:: Problem description ::
State how many lines of the listing below include the word "Leaf". Give only the number.

:: Records provided ::
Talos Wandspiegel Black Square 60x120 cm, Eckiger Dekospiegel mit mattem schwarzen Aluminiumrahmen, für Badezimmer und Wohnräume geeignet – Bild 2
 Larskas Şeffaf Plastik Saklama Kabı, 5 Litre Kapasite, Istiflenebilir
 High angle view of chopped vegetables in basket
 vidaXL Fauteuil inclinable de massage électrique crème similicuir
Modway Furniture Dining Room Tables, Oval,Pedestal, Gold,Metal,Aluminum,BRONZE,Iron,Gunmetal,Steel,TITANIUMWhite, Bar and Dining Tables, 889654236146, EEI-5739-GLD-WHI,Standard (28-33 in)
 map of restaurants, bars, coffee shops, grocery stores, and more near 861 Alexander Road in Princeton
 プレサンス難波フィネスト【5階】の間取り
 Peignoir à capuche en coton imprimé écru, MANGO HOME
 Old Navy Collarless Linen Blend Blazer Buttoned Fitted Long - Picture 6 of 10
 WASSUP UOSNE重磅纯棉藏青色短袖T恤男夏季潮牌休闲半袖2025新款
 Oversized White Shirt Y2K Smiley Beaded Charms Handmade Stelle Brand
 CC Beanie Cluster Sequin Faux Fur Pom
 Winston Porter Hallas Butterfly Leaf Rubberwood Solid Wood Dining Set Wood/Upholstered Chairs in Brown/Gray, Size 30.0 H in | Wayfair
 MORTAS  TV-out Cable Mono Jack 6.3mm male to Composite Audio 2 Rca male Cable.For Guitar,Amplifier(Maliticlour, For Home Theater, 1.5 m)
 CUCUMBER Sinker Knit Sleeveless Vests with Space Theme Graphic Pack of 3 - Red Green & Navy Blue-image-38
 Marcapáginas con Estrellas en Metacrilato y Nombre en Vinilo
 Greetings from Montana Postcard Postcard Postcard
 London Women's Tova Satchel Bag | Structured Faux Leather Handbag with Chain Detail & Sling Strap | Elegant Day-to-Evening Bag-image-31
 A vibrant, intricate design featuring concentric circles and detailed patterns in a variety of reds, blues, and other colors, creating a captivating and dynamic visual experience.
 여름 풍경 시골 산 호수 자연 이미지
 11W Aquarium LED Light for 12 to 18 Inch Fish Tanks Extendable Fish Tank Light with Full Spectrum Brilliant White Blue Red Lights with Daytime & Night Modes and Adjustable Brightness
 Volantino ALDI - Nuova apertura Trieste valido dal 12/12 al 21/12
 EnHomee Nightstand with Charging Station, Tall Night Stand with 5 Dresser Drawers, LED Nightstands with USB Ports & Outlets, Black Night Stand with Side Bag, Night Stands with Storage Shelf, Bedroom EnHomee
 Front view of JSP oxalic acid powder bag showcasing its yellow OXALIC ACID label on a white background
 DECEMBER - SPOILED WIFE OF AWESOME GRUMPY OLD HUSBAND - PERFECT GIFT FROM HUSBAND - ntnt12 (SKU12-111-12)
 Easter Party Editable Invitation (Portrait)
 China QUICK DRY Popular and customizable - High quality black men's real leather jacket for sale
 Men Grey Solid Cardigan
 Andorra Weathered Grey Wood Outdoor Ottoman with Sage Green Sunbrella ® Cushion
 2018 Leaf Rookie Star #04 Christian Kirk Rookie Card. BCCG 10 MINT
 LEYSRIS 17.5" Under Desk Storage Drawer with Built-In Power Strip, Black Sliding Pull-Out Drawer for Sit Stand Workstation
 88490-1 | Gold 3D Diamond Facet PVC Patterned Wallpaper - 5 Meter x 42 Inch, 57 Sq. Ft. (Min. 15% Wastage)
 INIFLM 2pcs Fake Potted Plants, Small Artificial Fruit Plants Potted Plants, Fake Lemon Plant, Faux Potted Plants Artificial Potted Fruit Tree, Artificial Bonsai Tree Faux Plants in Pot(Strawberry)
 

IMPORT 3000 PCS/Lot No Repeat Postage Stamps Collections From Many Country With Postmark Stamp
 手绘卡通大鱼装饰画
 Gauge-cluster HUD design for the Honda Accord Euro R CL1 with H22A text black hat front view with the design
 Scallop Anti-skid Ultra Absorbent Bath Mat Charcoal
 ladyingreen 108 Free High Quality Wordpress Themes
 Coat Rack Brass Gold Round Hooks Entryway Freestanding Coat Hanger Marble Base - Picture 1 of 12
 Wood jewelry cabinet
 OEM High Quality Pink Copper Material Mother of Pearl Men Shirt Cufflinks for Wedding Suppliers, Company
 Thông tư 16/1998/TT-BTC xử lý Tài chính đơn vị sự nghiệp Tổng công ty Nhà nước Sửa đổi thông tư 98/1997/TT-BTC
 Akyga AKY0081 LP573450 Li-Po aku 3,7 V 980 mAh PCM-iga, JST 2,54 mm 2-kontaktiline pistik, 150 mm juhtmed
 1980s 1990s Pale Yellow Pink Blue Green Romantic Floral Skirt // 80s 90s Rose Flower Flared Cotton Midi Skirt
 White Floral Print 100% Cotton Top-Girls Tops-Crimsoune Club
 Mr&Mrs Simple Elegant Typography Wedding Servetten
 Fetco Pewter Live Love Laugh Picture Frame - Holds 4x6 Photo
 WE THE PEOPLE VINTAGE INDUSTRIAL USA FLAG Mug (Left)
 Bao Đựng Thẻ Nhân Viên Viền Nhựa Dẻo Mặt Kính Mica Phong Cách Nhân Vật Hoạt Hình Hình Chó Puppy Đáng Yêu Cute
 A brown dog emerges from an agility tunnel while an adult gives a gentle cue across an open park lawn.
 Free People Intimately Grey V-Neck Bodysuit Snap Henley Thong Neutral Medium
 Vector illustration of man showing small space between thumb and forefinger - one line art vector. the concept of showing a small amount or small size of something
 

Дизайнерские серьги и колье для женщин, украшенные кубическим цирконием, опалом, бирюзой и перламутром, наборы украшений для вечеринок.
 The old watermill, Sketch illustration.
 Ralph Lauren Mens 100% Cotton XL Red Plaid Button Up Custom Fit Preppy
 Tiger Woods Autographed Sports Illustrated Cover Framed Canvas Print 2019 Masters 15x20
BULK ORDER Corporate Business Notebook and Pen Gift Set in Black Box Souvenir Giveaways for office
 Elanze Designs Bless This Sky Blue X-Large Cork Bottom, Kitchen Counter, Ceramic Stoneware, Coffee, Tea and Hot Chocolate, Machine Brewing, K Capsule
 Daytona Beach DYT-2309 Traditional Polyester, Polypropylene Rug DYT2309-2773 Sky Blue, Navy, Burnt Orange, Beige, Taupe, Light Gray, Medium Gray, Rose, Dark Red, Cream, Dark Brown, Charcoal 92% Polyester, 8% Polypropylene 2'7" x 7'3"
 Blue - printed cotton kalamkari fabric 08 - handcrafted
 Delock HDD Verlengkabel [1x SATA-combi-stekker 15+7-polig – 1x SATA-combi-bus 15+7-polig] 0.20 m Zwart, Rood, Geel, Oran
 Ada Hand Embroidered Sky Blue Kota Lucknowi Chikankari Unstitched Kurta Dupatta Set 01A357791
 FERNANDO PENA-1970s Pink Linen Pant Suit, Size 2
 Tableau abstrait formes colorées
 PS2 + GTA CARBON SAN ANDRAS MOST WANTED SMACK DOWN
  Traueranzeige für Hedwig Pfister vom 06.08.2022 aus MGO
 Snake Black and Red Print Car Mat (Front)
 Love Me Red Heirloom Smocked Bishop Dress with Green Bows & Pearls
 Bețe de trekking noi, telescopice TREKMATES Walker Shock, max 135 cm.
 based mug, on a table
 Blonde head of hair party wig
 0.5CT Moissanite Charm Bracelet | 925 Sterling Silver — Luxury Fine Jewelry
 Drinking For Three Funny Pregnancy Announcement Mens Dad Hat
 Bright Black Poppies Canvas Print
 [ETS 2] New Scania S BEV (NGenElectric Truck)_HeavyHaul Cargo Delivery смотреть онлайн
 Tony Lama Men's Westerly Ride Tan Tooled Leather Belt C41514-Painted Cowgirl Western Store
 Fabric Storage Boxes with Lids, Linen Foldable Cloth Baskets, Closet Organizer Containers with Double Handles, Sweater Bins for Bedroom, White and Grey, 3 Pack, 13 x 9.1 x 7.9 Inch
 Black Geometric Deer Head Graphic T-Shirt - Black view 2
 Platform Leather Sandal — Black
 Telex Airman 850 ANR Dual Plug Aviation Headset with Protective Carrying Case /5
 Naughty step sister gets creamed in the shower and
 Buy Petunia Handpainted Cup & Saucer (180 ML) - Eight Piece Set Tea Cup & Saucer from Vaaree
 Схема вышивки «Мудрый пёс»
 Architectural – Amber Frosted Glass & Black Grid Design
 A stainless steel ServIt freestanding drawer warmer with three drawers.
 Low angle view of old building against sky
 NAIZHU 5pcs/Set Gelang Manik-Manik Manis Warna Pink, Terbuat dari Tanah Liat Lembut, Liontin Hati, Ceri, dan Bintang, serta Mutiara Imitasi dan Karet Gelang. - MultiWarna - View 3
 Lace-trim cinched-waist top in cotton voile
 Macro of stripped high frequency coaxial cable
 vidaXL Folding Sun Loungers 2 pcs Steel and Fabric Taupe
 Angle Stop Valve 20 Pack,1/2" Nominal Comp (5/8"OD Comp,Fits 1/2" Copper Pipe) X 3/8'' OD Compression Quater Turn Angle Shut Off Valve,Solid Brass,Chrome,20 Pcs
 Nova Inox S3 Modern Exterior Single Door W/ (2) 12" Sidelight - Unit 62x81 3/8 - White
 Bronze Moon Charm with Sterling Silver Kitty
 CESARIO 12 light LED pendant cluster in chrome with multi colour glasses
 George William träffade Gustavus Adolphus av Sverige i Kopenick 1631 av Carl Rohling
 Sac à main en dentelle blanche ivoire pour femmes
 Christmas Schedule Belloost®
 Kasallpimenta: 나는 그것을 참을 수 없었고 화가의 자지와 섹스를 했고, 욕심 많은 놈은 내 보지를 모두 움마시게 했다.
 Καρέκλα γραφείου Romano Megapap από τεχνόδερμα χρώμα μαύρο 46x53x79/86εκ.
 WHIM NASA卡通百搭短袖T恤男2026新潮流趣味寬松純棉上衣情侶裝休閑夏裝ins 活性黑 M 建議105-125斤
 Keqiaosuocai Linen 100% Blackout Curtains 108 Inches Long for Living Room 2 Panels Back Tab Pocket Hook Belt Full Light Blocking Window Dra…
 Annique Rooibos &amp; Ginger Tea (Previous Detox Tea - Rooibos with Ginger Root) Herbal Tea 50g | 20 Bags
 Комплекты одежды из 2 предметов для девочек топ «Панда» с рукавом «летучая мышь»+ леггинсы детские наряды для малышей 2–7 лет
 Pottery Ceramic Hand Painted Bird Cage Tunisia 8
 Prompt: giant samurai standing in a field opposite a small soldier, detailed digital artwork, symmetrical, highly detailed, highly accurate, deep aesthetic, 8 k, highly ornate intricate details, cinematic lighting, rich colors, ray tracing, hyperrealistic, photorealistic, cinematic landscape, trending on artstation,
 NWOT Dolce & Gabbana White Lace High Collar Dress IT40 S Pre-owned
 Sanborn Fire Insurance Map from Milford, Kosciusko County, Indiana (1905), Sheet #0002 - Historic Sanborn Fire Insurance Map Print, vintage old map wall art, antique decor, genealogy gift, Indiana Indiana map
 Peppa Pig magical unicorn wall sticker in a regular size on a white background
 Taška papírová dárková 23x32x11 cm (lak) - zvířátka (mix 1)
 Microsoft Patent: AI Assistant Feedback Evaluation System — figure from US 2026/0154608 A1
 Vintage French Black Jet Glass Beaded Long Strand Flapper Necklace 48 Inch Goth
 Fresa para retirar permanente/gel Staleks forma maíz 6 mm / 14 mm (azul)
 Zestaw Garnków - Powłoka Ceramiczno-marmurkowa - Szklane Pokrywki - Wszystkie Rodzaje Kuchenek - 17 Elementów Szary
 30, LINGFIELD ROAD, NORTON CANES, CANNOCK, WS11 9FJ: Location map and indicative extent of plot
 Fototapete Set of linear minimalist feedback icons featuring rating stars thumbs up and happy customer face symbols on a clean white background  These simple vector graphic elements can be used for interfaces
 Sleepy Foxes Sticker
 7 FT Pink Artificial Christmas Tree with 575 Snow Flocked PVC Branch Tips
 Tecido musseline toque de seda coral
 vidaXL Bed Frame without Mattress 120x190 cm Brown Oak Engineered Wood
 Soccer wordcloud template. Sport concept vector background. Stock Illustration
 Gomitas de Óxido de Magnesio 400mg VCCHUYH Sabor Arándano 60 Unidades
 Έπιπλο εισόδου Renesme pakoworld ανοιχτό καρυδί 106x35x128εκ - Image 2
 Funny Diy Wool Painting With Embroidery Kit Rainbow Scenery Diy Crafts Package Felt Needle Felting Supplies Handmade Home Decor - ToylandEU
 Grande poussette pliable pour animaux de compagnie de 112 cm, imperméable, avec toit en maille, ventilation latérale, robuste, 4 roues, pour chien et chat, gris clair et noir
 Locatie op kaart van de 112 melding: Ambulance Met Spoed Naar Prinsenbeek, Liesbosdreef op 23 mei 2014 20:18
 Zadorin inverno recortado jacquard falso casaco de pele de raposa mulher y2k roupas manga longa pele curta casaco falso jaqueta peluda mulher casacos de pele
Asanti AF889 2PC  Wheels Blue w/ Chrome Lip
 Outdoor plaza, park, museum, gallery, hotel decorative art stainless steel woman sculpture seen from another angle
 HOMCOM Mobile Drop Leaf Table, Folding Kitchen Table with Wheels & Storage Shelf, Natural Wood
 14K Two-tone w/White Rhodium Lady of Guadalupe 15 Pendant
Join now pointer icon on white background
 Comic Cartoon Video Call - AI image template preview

:: Response ::
3